I will not deep-dive into the concept of IPv6 link-local addresses (LLAs) here - there is plenty of material on that matter available. In short: each network interface on an IPv6-enabled system will auto-assign itself a locally unique IPv6 from the fe80::/10 prefix (locally unique refers to the layer 2 segment reachable from that specific interface). It is entirely valid to manually assign the same LLA to multiple interfaces on the same system (e.g. fe80::1/64), as these addresses are never routed and only valid in the scope of each interface. However, no other system connected to any of these interfaces may use fe80::1, otherwise DAD (duplicate address detection) will kick in.

If you want to connect to a remote link-local address, you must also provide the associated interface in the notation [ip-address]%[interface], otherwise your network stack will not be able to figure out over which interface to send the packets (example: ping fe80::1%eth0).

RFC 7404 specifically describes the usage of LLAs in network infrastructure.

Routing protocols like OSPF use multicast to discover neighboring routers and they work out of the box with LLAs. But what if you want to use BGP as a routing protocol? BGP peers are usually configured statically using the IP address of the peer. Since we do not know the remote LLA, we need some means of detecting it dynamically.

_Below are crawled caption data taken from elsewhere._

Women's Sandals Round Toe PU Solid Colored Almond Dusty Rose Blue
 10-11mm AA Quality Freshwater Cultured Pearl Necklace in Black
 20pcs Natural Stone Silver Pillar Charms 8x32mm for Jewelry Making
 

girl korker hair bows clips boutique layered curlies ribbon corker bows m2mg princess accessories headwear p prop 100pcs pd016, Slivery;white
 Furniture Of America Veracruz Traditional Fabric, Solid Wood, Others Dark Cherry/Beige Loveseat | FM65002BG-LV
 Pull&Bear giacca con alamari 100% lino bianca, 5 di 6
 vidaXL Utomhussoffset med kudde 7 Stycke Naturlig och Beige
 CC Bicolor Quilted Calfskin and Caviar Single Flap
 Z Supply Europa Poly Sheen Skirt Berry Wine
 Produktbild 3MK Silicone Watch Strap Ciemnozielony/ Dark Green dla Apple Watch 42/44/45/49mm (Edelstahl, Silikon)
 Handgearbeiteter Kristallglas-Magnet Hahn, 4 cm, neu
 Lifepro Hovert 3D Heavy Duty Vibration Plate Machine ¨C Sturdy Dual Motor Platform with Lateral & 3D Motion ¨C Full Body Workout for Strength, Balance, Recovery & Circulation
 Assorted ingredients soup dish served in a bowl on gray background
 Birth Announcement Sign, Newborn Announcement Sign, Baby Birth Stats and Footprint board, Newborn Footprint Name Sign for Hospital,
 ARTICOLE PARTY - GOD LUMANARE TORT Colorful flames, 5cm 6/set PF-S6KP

IPv6 Router Advertisements And BGP Unnumbered / BGP Dynamic Peers

Network vendors have come up with a term called “BGP dynamic peers” or “BGP unnumbered”. To the best of my knowledge it does not follow a specific standard/RFC, but the configuration process is basically:

enable IPv6 Router Advertisements (e.g. each device will advertise itself as a router, announcing its LLA that way to neighboring devices)
configure BGP dynamic peers with some match critera (e.g. the remote ASN or a range of accepted ASNs)

As soon as the network device receives a router advertisement on an interface configured for dynamic BGP peers, it will configure a BGP neighbor on-the-fly, connect, validate that e.g. the remote ASN is in the accepted range and start exchanging routes. From that point on, the BGP session is no different than any statically configured BGP session. You can use policies to reject, accept or modify incoming or outgoing routes.

There is one minor operational issue to keep in mind: if a link and the associated dynamic BGP peer goes down, the network device will remove the peer configuration immediatly. Traditional monitoring of BGP session states will not detect this because dynamic BGP neighbors/sessions are either up/established or do not exist at all.

This works at least for Nokia (tested with srlinux 24.10) and Juniper devices (tested with Junos 23.4). On Linux hosts both FRR and Bird support dynamic peers. While FRR is able to send router advertisements on its own, you need to pair Bird with radvd to achieve the same.

With the Nokia srlinux devices it is also possible to skip the router advertisements between hosts and leaf switches:

configure fe80::1/64 on each host-facing leaf interface and activate dynamic BGP neighbors
configure static BGP sessions in FRR/Bird with fe80::1 as the remote address

That way, hosts will actively try to establish BGP connections to a well-known address (while the leaf switch is actually waiting for a router advertisement). This did not work on JunOS because it restricts BGP connections to source addresses which must be announced through a router advertisement first (which will in turn trigger JunOS to connect to the host). This is not a major drawback, but it allows you to skip radvd on the host when using Nokia gear.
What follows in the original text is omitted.